===== DATA TO PROCESS =====

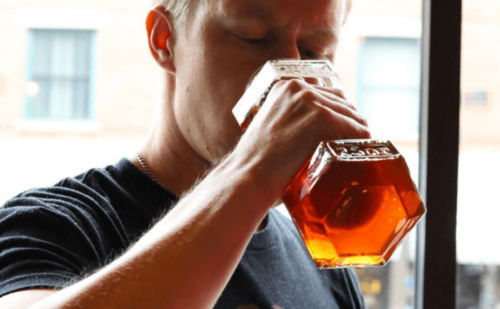 ダンベルジョッキで酒飲みながら筋トレ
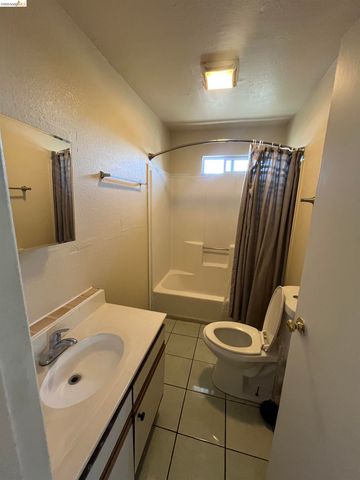 2714 79Th Ave, Oakland, CA 94605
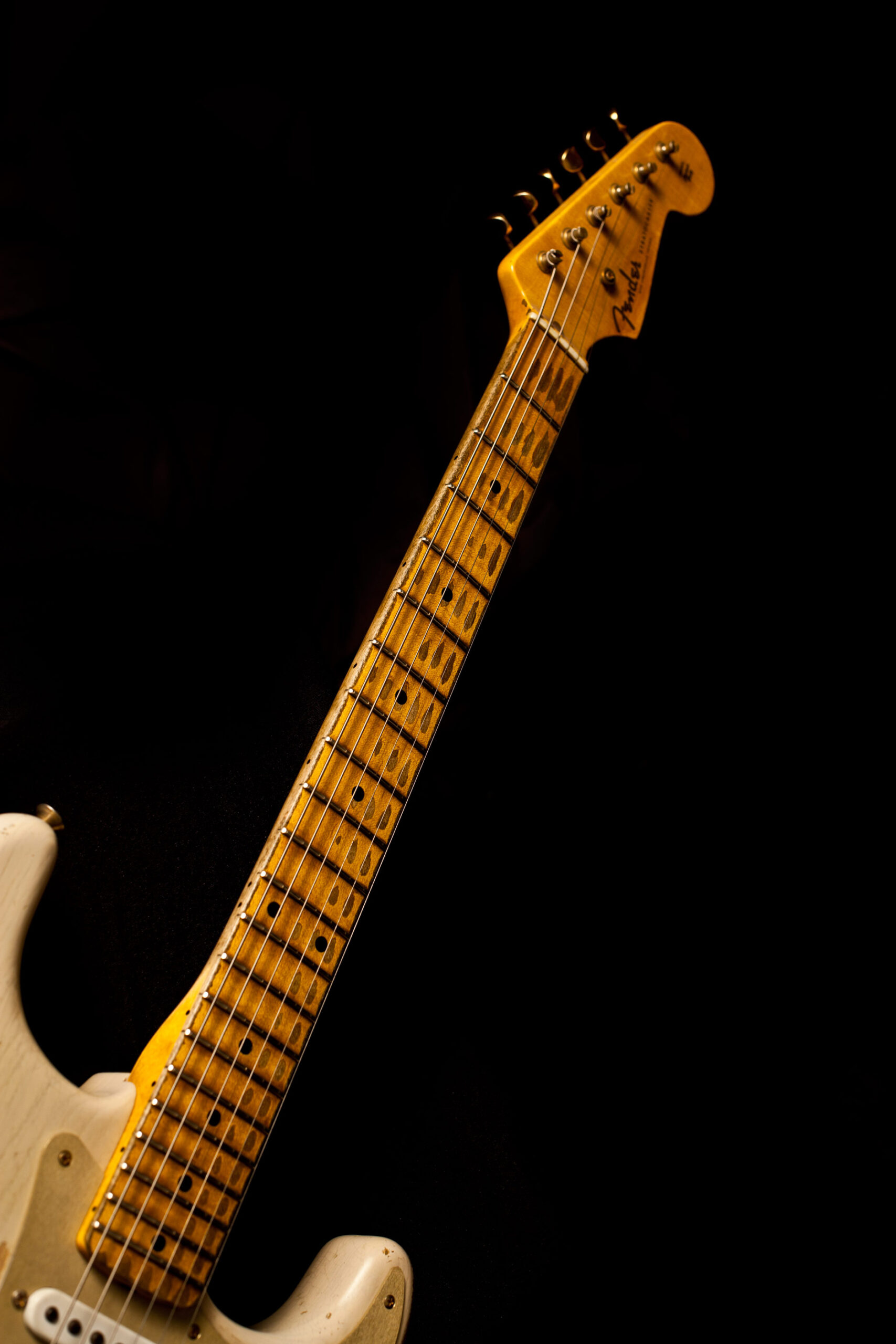 Fender Stratocaster '54 Heavy Relic Dirty White Blonde - Image 10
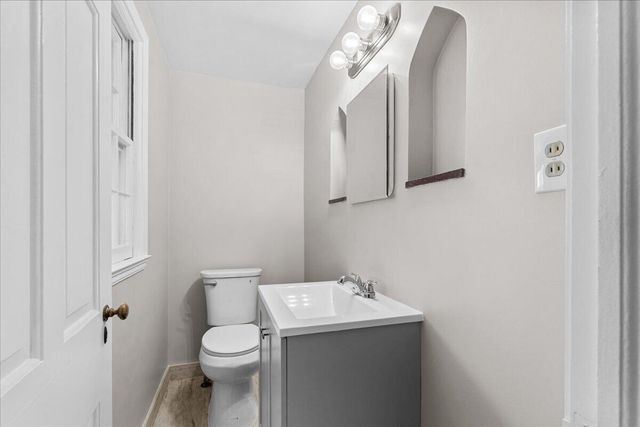 16210 Ashton Avenue, Detroit City, MI 48219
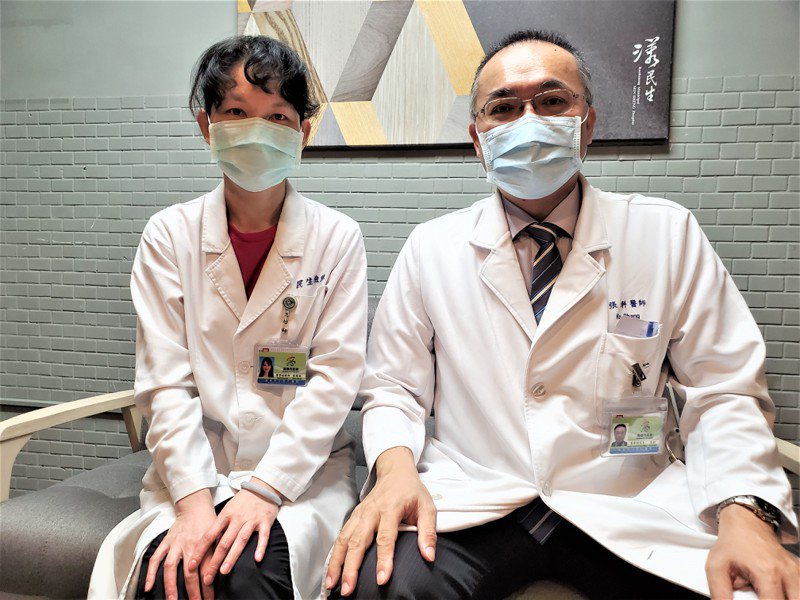 民生醫院副院長張科（右）、民生醫院檢驗科醫事檢驗師饒雅璇（左）。記者王勇超／攝影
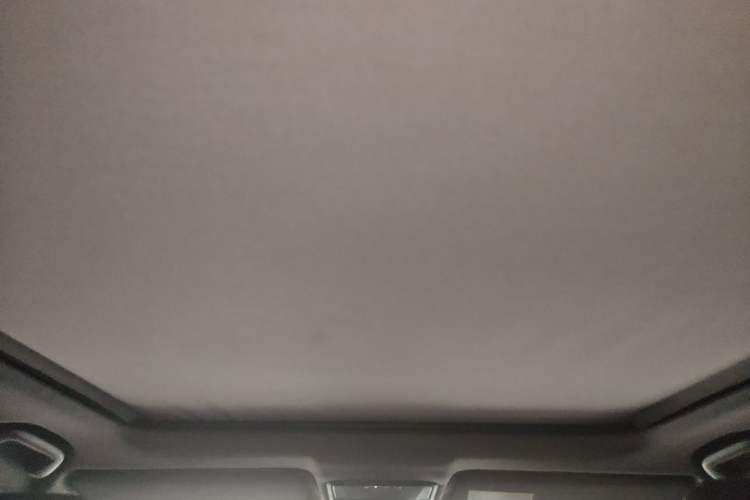 Used Honda UR-V 2017 240TURBO Two-Wheel Drive Luxury Edition China V Headliner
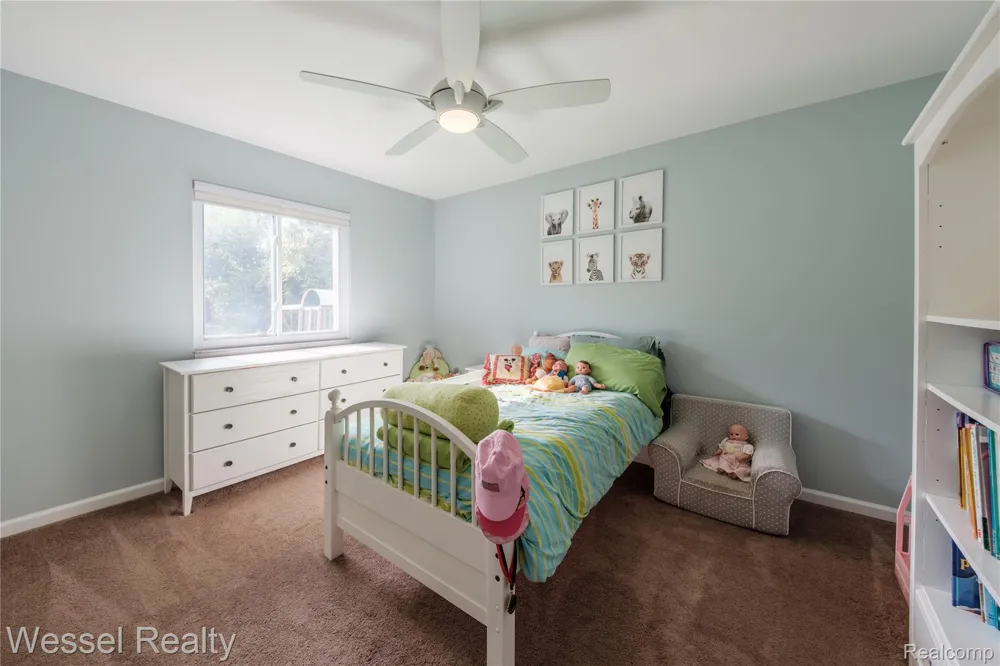 2096 Winchester Road Rochester Hills City, MI 48307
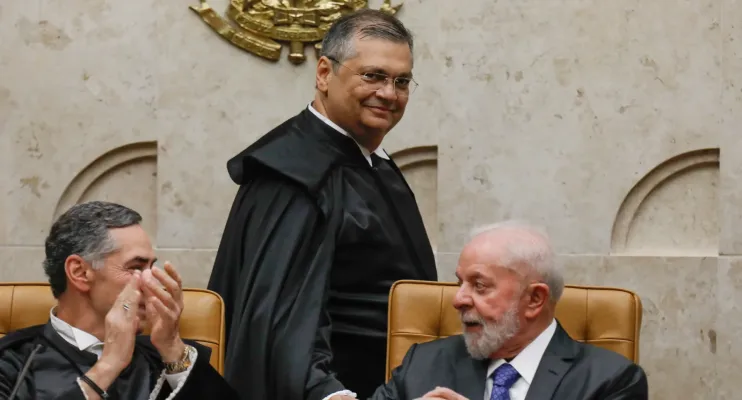 Flávio Dino toma posse como ministro do STF ao lado de Lula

=====

• TASK TO COMPLETE
Your answer must be an exact copy of the data above, minus its pictures.

• ANSWER SECTION
 ダンベルジョッキで酒飲みながら筋トレ
 2714 79Th Ave, Oakland, CA 94605
 Fender Stratocaster '54 Heavy Relic Dirty White Blonde - Image 10
 16210 Ashton Avenue, Detroit City, MI 48219
 民生醫院副院長張科（右）、民生醫院檢驗科醫事檢驗師饒雅璇（左）。記者王勇超／攝影
 Used Honda UR-V 2017 240TURBO Two-Wheel Drive Luxury Edition China V Headliner
 2096 Winchester Road Rochester Hills City, MI 48307
 Flávio Dino toma posse como ministro do STF ao lado de Lula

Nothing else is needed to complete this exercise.